Originally from Corsica, Henry Padovani came to London in the mid-70's looking to make a name for himself in the burgeoning punk-rock scene.
In 1977, after auditioning with future members of Culture Club and getting the gig, he turned the band down in favor of Stewart Copeland's offer to form a power trio with a singer-songwriter-bass player from Newcastle by the name of Gordon Sumner aka Sting.
After Copeland wore a policeman's jacket at the band's first photoshoot, the band decided to call themselves The Police.
After a year, the struggling band recruited guitarist Andy Summers and The Police became a 4-piece group. The fateful decision to drop Padovani from the band came shortly after Summer's joining.
The rest, as they say, is history.
And it was a rare treat to watch Henry Padovani tonight at The Crazy Elephant.
Performing a solo set for almost an hour and a half with just a guitar and his soulful, gravelly voice, Henry took us on an extremely personal musical journey, singing in English and French, with a repertoire that covered everything from T. Rex to Nick Cave to Edith Piaf.
Alternating between a Gibson acoustic guitar (tuned D,G,D,G,B,D) and a cherry-red Gibson ES335 through a delicate tremelo effect, Padovani proved himself to be a very capable guitarist, playing blues-tinged solos as he accompanied himself on the bass strings.

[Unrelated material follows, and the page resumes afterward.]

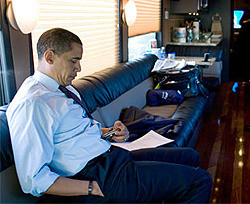 Обама вступил в переписку с молодой кубинкой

Touring in support of a film documenting his time with The Police, "Rock n' Roll... of Corse!", Padovani is nothing but grateful for being part of London's scene in the late 70's -- "It was a great time!", he told me with a wide smile.
Now living in Paris, Henry plays frequently in London with his band The Flying Padovani's, performing what he describes as 'Link Wray-type stuff'.
So how does a self-professed punk-rocker reconcile himself to singing ballads with an acoustic guitar? "You know, these are great songs. Sometimes when I play them, I go somewhere else. And when I come back down to earth, I go "where the f--k am I?"